CN209879050U - Cylindrical waveguide made of graphene hyperbolic metamaterial - Google Patents

Abstract

The utility model discloses a graphite alkene hyperbolic metamaterial cylindrical waveguide, this graphite alkene hyperbolic metamaterial cylindrical waveguide structure include two kinds of materials A, B from inside to outside, and A, B are SiO respectively₂With the graphene material, the whole waveguide structure is a sixteen-layer coaxial cylindrical structure, and the innermost layer of the cross section of the cylindrical waveguide is solid SiO₂And then from inside to outside, the graphene with 8 layers and the SiO with 7 layers are alternately arranged₂A circular ring. When light vertically enters the structure, the light field is well limited in the structure of the circular ring, so that the light-emitting diode not only has strong mode field limiting capability, but also has the characteristic of long-distance transmission, and breaks through the original polarizationThe mode realizes the restrictive transmission of radial polarized light, and the waveguide can be applied to an ultra-high density integrated optical path because of small structure size and high integration level, and has very important significance for realizing various surface plasmon devices and high-integration photon devices.

Description

Cylindrical waveguide made of graphene hyperbolic metamaterial

Technical Field

The utility model relates to a graphite alkene hyperbolic metamaterial cylindrical waveguide can be used to technical field such as terahertz wave band photonics, integrated photonic device, hyperbolic metamaterial artificial microstructure.

Background

The polarization state is one of the important characteristics of light, and the vector characteristic of the light makes the light and a substance have complicated interaction, so that various optical devices and optical systems can be manufactured. Past research has been directed primarily to spatially uniform polarization states, such as linear polarization, circular polarization, and the like, for which the polarization state is not dependent on the spatial position of the beam. With the deep exploration of optics, the vector beam with the spatially non-uniform polarization distribution is discovered. The polarization state of the vector light beam changes along with the change of the space, and the characteristic causes the vector light beam to have a plurality of new effects and phenomena, thereby well expanding the functions of the optical system. The special vector beams are Column Vector Beams (CVBs) with polarization states in column symmetric distribution on the cross section in the beam propagation direction, and can be divided into radial polarized light, spin polarized light and general column vector beams according to the distribution characteristics of an electric field of the CVB in space.
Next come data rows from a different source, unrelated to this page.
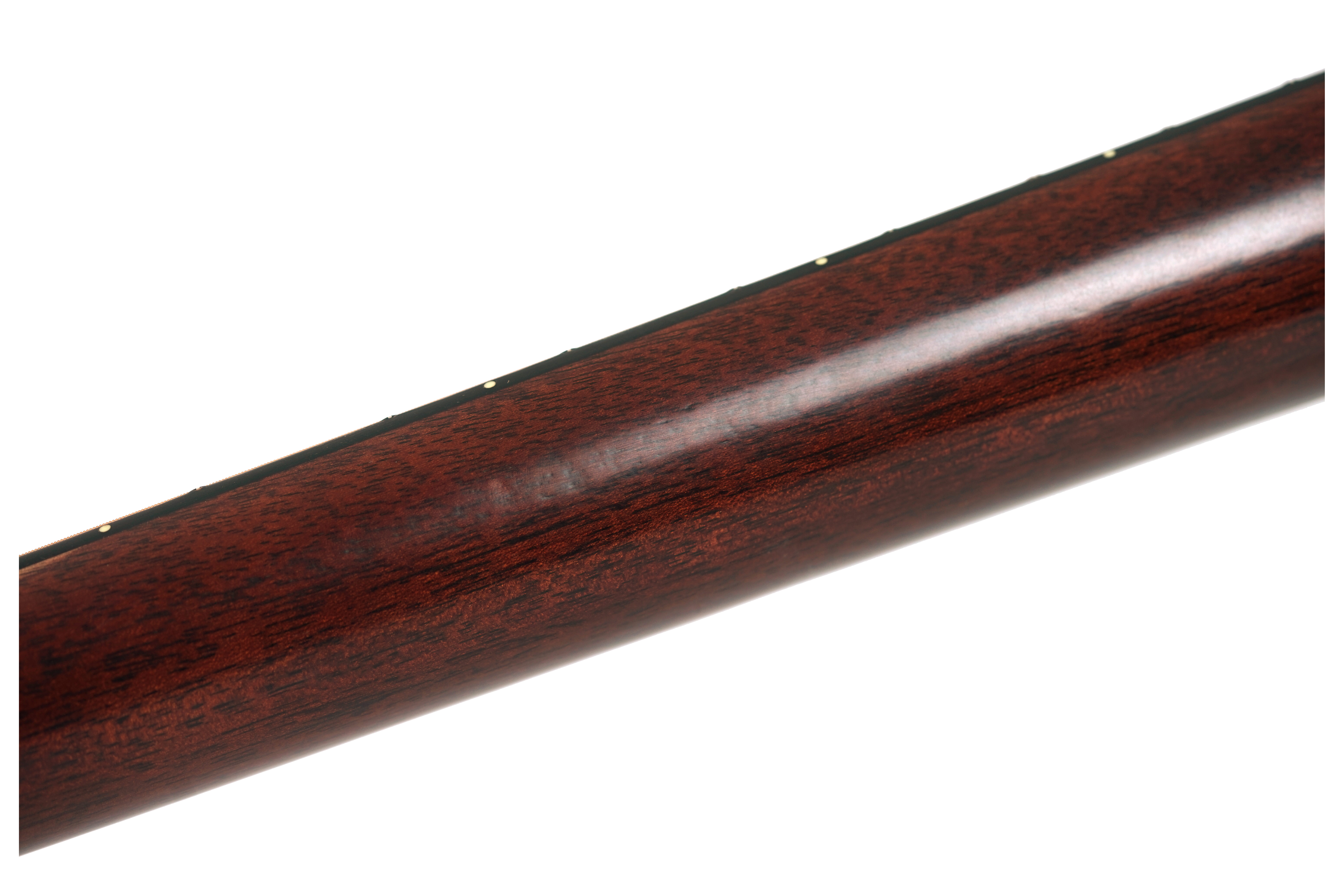 Martin D-18 Authentic 1937 Aged VTS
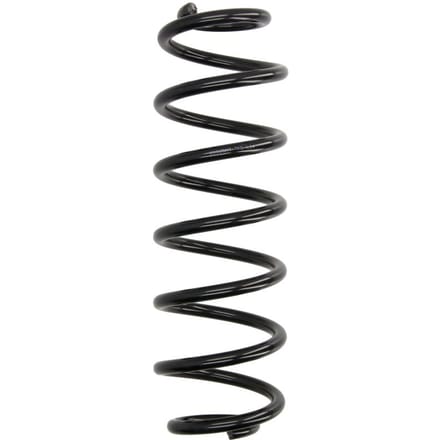 Chassisveer MAGNUM TECHNOLOGY SS035MT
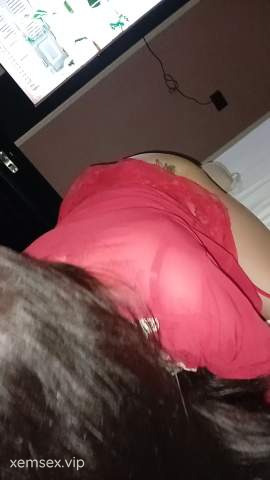 [ST] : Chuyên Mục Dọn Máy Cuối Tuần #279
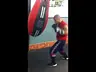 Roman Navarro Gallego Prada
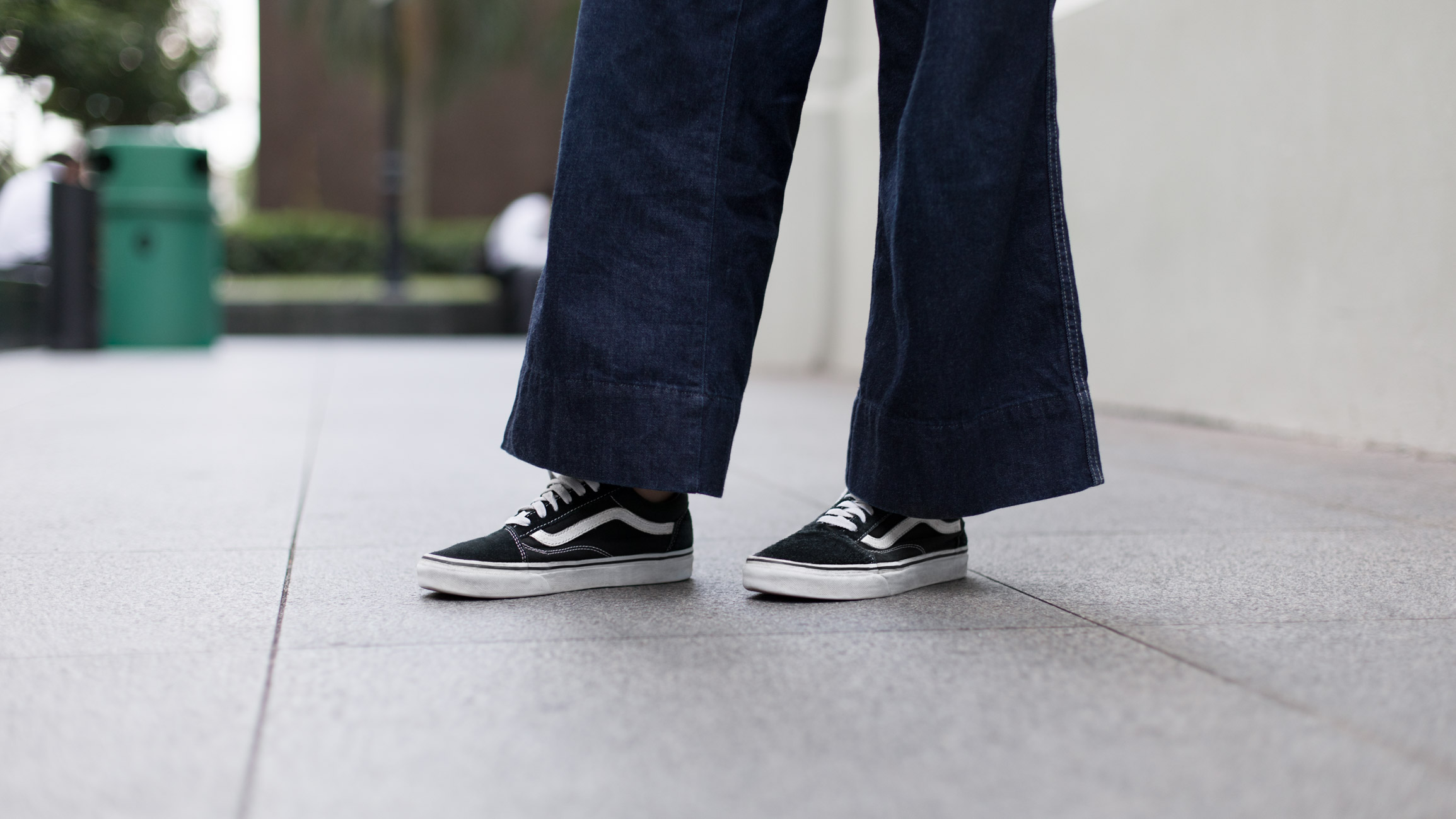 Fathin-News-Singapore-Pants_UNIQLO-Shoes_Vans-Bag_Uyii-UNIFORM-13072017-2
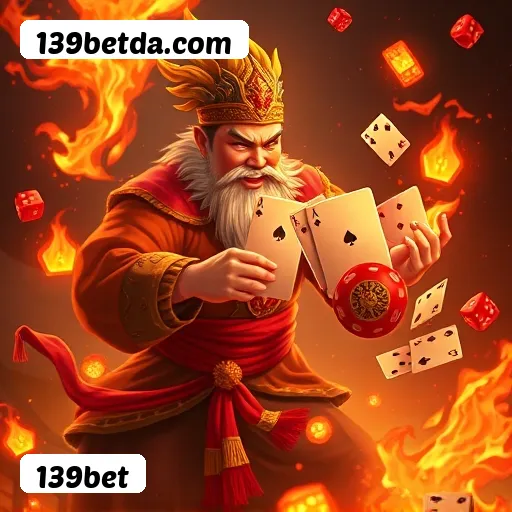 139bet suporte 24/7 português Brasil - 47 atendentes brasileiros chat ao vivo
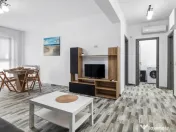 Apartament 2 camere | Mobilat și utilat | Zona Lidl - Mamai 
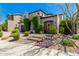 Image 2 of 65: 21211 N 38Th Pl, Phoenix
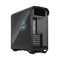 Fractal Design Torrent Compact Computer Case | Datablitz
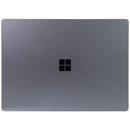 Microsoft Surface Laptop 4 (13.5-in) 1950 i5-1135G7/512GB SSD/8GB - Ice Blue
In recent decades, especially in the field of photonic integration, many surface plasmon waveguide structures that can confine an optical field to a nanometer scale have been proposed in succession, such as a dielectric-metal-dielectric waveguide structure, a metal-dielectric-metal waveguide structure, a metal slit structure, a V-groove waveguide structure, and the like. The dielectric constant of the graphene hyperbolic metamaterial in a near infrared to terahertz waveband is less than 0, the graphene hyperbolic metamaterial can be used for replacing metal to serve as a composition material of HMMs, and the thickness of single-layer graphene is only about 0.335nm, so that the formed HMMs have smaller periodic units and lower loss. However, at present, the graphene-dielectric multilayer film structure mostly appears in a plane, and the cylindrical vector beam distribution of the cylindrical waveguide is not realized.

Disclosure of Invention

The utility model aims at solving the above-mentioned problem that exists among the prior art, provide a graphite alkene hyperbolic metamaterial cylindrical waveguide.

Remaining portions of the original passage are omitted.